Sabemos que a história de Tyson no boxe se inicia quando ele, então um jovem delinquente de 13 anos cumprindo pena num centro de detenção juvenil pede para que Bobby Stewart (funcionário da instituição, ex-boxeador profissional) lhe ensine como dar aqueles potentes socos com eficiência. Tyson imaginava que ao aprender a arte de boxear poderia utilizar isso em seus futuros roubos e o ajudaria a se proteger da violência das ruas.

Após algumas semanas de prática, Bobby percebendo o potencial daquele garoto resolve apresentá-lo ao lendário treinador Cus D’amato.

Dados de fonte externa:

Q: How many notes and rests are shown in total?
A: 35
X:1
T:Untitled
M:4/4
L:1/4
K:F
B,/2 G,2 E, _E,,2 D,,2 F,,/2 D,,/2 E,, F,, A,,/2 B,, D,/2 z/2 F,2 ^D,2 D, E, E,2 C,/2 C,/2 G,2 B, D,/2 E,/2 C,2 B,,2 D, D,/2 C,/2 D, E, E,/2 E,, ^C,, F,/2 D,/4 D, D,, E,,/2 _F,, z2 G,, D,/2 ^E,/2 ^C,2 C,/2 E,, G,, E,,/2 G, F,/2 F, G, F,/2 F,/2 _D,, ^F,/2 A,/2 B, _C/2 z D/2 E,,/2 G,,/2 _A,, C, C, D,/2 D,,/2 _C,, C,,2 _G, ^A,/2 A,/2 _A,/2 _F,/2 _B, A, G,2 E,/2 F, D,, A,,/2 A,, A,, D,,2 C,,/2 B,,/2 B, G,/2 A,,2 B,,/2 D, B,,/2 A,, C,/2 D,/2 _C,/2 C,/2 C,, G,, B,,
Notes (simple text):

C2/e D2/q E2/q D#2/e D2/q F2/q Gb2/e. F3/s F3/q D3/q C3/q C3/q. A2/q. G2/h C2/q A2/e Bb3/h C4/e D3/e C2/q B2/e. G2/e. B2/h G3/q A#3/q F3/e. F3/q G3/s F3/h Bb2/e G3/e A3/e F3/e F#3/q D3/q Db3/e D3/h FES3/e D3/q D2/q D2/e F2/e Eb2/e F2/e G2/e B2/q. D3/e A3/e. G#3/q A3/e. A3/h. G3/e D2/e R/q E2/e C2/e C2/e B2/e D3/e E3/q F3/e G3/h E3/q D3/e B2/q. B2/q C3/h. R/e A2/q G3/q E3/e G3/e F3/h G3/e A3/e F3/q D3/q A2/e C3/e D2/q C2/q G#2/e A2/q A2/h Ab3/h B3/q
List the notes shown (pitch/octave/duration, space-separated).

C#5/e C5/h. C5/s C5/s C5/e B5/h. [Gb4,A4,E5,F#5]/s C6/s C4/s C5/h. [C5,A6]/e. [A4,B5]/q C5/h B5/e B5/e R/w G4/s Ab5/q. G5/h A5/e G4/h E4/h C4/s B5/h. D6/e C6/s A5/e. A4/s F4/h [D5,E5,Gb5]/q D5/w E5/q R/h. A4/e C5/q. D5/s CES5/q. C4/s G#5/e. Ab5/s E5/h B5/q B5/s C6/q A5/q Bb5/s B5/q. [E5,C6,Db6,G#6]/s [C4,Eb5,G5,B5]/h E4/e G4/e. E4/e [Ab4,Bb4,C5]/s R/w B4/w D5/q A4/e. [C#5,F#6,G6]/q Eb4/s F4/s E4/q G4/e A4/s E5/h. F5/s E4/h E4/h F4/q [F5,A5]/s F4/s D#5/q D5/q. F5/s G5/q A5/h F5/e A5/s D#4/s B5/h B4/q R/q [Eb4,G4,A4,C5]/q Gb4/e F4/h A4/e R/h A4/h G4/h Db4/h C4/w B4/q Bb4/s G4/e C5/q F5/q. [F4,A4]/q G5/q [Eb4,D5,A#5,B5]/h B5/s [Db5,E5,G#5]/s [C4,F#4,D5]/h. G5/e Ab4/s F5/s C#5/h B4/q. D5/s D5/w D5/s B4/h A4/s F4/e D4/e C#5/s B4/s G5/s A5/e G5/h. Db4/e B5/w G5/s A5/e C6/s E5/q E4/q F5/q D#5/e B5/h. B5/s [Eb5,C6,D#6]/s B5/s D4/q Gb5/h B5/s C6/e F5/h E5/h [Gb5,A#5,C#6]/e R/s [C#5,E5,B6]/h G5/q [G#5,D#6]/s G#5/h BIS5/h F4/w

Após ver apenas alguns minutos de Tyson dentro do ringue, Cus profetizaria: “Temos aqui o mais jovem campeão dos Pesos-Pesados”.

Sob a tutela de Cus, Tyson teve uma sólida trajetória no amadorismo, e aos 18 anos de idade (após perder a seletiva para os jogos olímpicos para Henry Tillman) era chegada a hora de realizar sua estreia no profissional.

Nessa postagem, vamos relembrar não só a luta, mas também todos os bastidores, as pessoas envolvidas e como era o panorama dos Pesados naquela época.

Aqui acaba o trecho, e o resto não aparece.